Contributed by The Muslim Vibe
The Names of Allah
Perhaps this is why the Prophet Muhammad used two ways of indicating the full number of Allah’s best names when he said: “Allah has ninety-nine names; one-hundred minus one, and whoever knows them will go to Paradise” (Sahih Al-Bukhari – Book 50 Hadith 894).
The 100 includes the one special name that echoes in the heart, mind, and soul, of a pious Muslim; that makes the generic Allah into the extra holy name of the Muslim who loves Allah.

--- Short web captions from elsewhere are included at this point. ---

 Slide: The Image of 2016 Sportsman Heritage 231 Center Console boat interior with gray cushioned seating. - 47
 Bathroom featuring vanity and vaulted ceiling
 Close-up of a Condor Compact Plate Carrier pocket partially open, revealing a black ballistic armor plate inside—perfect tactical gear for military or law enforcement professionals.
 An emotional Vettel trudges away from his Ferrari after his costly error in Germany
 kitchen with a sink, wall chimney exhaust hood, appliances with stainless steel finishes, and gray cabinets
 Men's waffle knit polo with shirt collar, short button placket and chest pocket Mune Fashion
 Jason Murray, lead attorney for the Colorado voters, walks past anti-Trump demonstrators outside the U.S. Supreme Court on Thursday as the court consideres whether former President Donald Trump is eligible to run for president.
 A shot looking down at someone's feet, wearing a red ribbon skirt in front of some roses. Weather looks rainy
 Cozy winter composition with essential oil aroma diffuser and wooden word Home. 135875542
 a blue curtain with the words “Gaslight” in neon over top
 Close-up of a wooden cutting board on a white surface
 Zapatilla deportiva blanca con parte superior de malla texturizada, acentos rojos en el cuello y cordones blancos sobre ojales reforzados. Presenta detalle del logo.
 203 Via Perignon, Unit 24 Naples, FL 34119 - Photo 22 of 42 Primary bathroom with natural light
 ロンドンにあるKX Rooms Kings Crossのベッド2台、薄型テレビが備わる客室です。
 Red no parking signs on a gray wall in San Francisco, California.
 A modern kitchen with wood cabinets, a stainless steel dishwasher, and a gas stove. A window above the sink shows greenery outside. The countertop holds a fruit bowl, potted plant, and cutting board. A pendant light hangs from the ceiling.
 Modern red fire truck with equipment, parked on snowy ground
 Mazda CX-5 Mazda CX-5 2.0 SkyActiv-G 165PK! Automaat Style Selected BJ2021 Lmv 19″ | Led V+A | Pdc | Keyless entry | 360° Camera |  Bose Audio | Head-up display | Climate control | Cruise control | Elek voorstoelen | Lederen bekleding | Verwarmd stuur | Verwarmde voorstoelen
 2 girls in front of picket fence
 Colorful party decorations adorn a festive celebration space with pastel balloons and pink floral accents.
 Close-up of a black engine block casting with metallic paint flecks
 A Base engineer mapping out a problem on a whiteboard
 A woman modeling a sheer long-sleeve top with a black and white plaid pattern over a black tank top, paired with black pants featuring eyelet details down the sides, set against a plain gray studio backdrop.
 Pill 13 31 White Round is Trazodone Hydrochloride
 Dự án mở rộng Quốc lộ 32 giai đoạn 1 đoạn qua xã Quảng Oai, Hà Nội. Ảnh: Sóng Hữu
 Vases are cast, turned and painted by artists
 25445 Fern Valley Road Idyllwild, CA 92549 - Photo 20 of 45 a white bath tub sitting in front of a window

As a neutral outsider, and an American Reform Rabbi, I can understand why some Muslims would object to Christians using the word Allah in the context of saying that Jesus is the son of Allah. Almost eleven centuries ago, the great scholar Rabbi Saadiah Gaon (d. 942 in Iraq) regularly referred to God as Allah in his Arabic commentary to the Torah.
No one at that time, or in any later century, objected to Rabbi Saadiah Gaon’s use of Allah because he referred to a unitarian God and not a trinitarian God. In today’s world it would be better for trinitarians to use another Arabic word for Divinity such as Al-Rakhman ‘the Merciful One’; which is exactly equivalent to the Jewish Aramaic word Rakhmana used by both Jews and Christians in the centuries after Jesus.
Thus, one could say that Allah spoke to Jesus as the Qur’an itself states: “Allah said: Jesus, I will take you back and raise you up to Myself…(3:55)” however, one should not say that Jesus is the son of Allah.
I myself follow the words of the Qur’an that direct Muslims to say: “We have believed in Allah and in what was revealed to us and what was revealed to Abraham, Ishmael, Isaac, Jacob, and the Tribes, and in what was given to Moses and Jesus and to the prophets from their Lord. We make no distinction between any of them, and we are Muslims [submitting] to Him (3:84)”.
So, I believe that Jewish, Christian and Muslim religious leaders should always try to harmonize differences between the Sacred Scriptures of Moses, David, Jesus, and Muhammad, and avoid claiming that only one Holy Book (ours) can be true.
I think of myself as a Muslim Jew i.e. a faithful Jew submitting to the will of God, because as a Rabbi I am faithful to the covenant that God made with Abraham – the first Muslim Jew, and I submit to the covenant and the commandments that God made with the people of Israel at Mount Sinai.
As a Reform Rabbi, I believe that Jewish spiritual leaders should modify Jewish tradition as social and historical circumstances change and develop. I also believe we should not make religion difficult for people to practice. These are lessons prophet Muhammad taught 12 centuries before the rise of Reform Judaism in the early 19th century.
If people of good will use the generic aspect of the word Allah only in a monotheistic context, and use another word for a trinitarian or polytheistic context, we can have more light and less hate in our own religious lives.